ACTIVITY:
The required output is the lines below from the line containing "90岁老人登台献艺，这场文艺汇演让全场观众热泪盈眶" to the line containing "white-solid-stud-earrings-jlt11184", inclusive, retyped exactly. No other lines belong in it.

GIVEN RECORDS:
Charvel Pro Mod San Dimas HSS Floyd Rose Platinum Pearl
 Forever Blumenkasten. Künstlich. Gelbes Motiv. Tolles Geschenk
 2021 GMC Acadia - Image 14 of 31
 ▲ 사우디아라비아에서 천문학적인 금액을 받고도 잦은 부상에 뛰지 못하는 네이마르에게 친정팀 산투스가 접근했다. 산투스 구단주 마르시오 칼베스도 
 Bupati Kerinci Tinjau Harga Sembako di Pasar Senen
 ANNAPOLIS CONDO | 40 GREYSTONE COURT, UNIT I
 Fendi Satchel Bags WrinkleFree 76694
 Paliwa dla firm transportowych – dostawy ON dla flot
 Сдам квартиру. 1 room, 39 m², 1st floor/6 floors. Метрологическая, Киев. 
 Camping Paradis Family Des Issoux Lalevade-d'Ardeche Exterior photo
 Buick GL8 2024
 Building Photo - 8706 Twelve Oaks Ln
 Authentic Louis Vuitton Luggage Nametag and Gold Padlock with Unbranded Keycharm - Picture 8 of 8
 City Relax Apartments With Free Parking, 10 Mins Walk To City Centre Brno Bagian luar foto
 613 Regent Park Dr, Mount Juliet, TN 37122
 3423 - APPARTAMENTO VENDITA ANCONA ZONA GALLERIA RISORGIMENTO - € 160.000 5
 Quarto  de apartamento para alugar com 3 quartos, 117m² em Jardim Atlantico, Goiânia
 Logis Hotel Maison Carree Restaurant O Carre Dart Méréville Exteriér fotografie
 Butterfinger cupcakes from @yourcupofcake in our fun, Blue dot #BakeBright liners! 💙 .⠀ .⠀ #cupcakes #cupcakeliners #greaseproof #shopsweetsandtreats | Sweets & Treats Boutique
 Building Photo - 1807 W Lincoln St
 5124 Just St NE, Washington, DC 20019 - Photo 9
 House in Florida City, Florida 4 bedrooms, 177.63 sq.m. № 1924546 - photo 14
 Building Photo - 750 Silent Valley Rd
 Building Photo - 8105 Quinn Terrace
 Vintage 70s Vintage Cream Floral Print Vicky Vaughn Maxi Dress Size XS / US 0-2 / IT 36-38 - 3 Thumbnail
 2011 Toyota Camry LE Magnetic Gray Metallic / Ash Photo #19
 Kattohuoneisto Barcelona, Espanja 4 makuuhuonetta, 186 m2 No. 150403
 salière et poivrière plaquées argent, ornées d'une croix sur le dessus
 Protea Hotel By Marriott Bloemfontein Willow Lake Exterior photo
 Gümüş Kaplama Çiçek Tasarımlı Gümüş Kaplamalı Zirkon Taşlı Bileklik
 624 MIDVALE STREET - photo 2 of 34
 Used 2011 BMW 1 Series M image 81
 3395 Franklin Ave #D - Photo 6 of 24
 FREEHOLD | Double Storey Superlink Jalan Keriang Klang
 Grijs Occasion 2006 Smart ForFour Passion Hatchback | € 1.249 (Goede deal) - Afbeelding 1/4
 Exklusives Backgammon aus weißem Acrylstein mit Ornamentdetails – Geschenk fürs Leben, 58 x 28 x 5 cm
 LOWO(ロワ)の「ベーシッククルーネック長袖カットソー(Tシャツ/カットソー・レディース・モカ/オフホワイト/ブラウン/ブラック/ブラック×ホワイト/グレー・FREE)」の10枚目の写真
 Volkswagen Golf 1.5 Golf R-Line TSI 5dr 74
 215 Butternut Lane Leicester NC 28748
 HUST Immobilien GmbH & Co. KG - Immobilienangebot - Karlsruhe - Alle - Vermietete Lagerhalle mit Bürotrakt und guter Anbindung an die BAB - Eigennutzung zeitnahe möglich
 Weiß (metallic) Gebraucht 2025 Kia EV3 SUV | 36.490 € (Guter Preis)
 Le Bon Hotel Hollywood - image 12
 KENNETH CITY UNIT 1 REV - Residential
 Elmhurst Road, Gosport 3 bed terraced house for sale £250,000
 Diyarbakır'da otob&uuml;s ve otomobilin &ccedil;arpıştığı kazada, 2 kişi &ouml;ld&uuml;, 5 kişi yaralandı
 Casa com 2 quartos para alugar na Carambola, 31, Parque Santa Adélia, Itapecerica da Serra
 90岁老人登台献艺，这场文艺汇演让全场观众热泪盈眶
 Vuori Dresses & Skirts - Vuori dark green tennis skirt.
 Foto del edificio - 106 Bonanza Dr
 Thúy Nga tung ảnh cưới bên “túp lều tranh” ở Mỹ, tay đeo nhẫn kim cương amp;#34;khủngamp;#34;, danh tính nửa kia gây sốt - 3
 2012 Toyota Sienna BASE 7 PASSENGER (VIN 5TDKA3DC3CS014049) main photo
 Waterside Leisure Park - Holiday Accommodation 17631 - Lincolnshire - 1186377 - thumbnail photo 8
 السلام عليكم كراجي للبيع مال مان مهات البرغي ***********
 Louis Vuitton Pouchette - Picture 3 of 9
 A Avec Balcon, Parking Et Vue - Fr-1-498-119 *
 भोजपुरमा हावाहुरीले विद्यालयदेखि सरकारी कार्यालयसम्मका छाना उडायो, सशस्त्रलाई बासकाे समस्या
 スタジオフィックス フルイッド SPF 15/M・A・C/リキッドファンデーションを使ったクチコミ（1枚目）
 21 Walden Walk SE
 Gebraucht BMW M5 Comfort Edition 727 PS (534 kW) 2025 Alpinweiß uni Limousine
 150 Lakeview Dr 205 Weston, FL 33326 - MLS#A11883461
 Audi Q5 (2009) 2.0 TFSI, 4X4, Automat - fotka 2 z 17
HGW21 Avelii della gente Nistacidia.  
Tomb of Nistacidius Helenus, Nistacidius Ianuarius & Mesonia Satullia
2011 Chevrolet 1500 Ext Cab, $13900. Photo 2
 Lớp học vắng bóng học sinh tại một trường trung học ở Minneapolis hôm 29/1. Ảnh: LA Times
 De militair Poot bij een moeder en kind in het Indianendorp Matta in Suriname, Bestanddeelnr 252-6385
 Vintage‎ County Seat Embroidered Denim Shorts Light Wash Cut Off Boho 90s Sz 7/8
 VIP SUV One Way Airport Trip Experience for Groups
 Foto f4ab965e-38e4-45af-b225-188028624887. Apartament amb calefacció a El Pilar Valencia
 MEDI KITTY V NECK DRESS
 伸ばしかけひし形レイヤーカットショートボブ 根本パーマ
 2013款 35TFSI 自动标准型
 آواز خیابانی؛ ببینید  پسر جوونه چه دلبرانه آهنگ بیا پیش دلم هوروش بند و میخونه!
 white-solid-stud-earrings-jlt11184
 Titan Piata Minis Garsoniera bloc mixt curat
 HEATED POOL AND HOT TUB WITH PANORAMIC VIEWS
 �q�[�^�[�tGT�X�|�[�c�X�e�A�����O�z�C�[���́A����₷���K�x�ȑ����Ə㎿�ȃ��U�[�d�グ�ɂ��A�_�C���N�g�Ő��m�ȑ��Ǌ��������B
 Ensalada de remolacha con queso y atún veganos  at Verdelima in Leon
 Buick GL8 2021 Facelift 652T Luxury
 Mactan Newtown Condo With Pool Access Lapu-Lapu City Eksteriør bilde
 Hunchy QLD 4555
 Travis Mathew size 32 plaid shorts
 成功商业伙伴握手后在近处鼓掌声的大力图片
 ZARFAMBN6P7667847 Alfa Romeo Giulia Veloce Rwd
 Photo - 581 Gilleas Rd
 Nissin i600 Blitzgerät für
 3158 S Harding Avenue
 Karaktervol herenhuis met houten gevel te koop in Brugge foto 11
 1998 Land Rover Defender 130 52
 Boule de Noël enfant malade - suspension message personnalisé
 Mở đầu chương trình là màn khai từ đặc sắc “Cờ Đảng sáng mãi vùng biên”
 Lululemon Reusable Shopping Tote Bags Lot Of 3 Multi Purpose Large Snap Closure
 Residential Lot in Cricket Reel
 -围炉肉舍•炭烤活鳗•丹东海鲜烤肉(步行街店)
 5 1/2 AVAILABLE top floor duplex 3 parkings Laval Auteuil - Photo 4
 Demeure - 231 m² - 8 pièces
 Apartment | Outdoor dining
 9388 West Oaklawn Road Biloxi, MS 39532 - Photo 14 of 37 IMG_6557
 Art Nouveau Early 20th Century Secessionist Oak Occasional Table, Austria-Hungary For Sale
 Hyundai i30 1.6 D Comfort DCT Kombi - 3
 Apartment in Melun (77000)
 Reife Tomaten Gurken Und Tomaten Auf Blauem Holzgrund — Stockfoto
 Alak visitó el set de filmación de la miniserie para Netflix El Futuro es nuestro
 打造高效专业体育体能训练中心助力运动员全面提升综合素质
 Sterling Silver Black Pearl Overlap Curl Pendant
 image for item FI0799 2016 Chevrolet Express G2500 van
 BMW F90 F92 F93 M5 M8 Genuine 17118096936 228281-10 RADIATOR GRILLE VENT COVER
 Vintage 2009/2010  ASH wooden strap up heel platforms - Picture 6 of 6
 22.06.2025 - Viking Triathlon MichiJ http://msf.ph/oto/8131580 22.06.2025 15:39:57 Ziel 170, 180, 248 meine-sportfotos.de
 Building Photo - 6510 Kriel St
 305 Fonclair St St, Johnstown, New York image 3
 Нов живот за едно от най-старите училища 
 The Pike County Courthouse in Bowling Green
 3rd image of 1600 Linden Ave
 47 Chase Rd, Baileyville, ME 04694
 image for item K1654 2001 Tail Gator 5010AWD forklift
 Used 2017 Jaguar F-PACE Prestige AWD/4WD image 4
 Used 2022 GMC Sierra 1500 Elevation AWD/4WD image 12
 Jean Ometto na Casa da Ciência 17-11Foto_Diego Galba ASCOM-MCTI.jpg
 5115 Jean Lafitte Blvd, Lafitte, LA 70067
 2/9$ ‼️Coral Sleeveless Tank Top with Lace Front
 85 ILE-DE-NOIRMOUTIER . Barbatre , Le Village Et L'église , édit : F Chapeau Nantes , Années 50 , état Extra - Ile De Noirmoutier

ANSWER:
 90岁老人登台献艺，这场文艺汇演让全场观众热泪盈眶
 Vuori Dresses & Skirts - Vuori dark green tennis skirt.
 Foto del edificio - 106 Bonanza Dr
 Thúy Nga tung ảnh cưới bên “túp lều tranh” ở Mỹ, tay đeo nhẫn kim cương amp;#34;khủngamp;#34;, danh tính nửa kia gây sốt - 3
 2012 Toyota Sienna BASE 7 PASSENGER (VIN 5TDKA3DC3CS014049) main photo
 Waterside Leisure Park - Holiday Accommodation 17631 - Lincolnshire - 1186377 - thumbnail photo 8
 السلام عليكم كراجي للبيع مال مان مهات البرغي ***********
 Louis Vuitton Pouchette - Picture 3 of 9
 A Avec Balcon, Parking Et Vue - Fr-1-498-119 *
 भोजपुरमा हावाहुरीले विद्यालयदेखि सरकारी कार्यालयसम्मका छाना उडायो, सशस्त्रलाई बासकाे समस्या
 スタジオフィックス フルイッド SPF 15/M・A・C/リキッドファンデーションを使ったクチコミ（1枚目）
 21 Walden Walk SE
 Gebraucht BMW M5 Comfort Edition 727 PS (534 kW) 2025 Alpinweiß uni Limousine
 150 Lakeview Dr 205 Weston, FL 33326 - MLS#A11883461
 Audi Q5 (2009) 2.0 TFSI, 4X4, Automat - fotka 2 z 17
HGW21 Avelii della gente Nistacidia.  
Tomb of Nistacidius Helenus, Nistacidius Ianuarius & Mesonia Satullia
2011 Chevrolet 1500 Ext Cab, $13900. Photo 2
 Lớp học vắng bóng học sinh tại một trường trung học ở Minneapolis hôm 29/1. Ảnh: LA Times
 De militair Poot bij een moeder en kind in het Indianendorp Matta in Suriname, Bestanddeelnr 252-6385
 Vintage‎ County Seat Embroidered Denim Shorts Light Wash Cut Off Boho 90s Sz 7/8
 VIP SUV One Way Airport Trip Experience for Groups
 Foto f4ab965e-38e4-45af-b225-188028624887. Apartament amb calefacció a El Pilar Valencia
 MEDI KITTY V NECK DRESS
 伸ばしかけひし形レイヤーカットショートボブ 根本パーマ
 2013款 35TFSI 自动标准型
 آواز خیابانی؛ ببینید  پسر جوونه چه دلبرانه آهنگ بیا پیش دلم هوروش بند و میخونه!
 white-solid-stud-earrings-jlt11184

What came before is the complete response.